You can use the 'repeat until expression no longer changes' form

 @distribute!!(%)

and ditto for eliminate_metric.

By the way there are much more powerful ways to do this in 2.x; I'd recommend that you switch to 2.x for new projects as that is where all the exciting new things happen. See http://cadabra.science.

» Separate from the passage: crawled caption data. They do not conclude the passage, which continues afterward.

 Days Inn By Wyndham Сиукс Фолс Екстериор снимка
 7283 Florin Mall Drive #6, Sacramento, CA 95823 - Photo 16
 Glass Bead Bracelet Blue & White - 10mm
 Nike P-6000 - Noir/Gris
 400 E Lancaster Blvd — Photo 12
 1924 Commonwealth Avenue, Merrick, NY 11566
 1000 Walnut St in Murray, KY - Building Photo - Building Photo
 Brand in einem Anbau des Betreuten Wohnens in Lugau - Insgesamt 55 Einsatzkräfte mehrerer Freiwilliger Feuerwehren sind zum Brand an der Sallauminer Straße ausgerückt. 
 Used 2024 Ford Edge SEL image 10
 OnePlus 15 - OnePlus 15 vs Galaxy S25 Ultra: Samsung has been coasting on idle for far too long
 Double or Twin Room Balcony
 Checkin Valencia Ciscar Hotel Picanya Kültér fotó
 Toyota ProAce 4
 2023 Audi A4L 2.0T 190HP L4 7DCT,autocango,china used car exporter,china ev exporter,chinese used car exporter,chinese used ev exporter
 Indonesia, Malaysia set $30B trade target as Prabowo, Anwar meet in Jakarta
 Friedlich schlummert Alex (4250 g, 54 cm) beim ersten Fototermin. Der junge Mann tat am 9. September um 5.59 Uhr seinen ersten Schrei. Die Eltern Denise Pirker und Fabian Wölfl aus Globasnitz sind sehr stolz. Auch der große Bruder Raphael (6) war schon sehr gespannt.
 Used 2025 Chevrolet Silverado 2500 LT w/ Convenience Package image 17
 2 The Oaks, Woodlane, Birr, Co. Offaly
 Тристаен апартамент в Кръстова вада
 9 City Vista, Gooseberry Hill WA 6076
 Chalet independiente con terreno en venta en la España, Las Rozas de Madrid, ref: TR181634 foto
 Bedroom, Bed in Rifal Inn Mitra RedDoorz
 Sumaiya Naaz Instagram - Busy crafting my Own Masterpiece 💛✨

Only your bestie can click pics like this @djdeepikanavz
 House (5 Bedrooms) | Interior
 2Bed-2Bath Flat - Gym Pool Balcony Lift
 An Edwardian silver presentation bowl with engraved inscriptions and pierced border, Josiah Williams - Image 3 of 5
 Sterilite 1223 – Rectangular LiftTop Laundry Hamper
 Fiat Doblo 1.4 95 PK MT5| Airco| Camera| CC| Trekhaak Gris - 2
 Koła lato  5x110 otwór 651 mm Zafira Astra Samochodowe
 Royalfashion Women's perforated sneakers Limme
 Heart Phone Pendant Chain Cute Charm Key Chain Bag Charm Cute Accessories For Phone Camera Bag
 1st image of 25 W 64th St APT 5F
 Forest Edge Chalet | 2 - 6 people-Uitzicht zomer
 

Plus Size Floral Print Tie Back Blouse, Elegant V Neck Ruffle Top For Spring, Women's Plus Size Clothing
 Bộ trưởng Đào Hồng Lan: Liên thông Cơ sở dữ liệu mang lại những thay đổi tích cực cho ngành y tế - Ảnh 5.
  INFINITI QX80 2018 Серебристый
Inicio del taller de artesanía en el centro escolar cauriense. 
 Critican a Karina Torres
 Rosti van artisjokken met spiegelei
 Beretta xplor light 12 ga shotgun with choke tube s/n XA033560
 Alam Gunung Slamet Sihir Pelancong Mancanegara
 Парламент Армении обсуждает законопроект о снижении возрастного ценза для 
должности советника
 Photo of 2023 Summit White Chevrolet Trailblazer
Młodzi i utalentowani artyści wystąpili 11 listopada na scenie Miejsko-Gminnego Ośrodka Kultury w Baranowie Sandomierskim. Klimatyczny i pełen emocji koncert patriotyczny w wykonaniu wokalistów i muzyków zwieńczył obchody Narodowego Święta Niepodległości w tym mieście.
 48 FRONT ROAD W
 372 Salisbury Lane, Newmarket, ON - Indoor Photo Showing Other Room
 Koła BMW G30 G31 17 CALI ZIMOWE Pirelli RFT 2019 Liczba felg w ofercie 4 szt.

But what should I do for three derivates like

\partial_{\alpha}\partial_{\beta}\partial_{\nu}{\phi}

The above form is correct?

Thanks for answer. For sure, I am in a phase transition to the second version. Now I am trying to learn Sympy to can use Cadabra2 in a more efficient way.

Either

\partial_{\alpha}{ \partial_{\beta}{ \partial_{\nu}{\phi} } }

or

\partial_{\alpha \beta \nu}{\phi}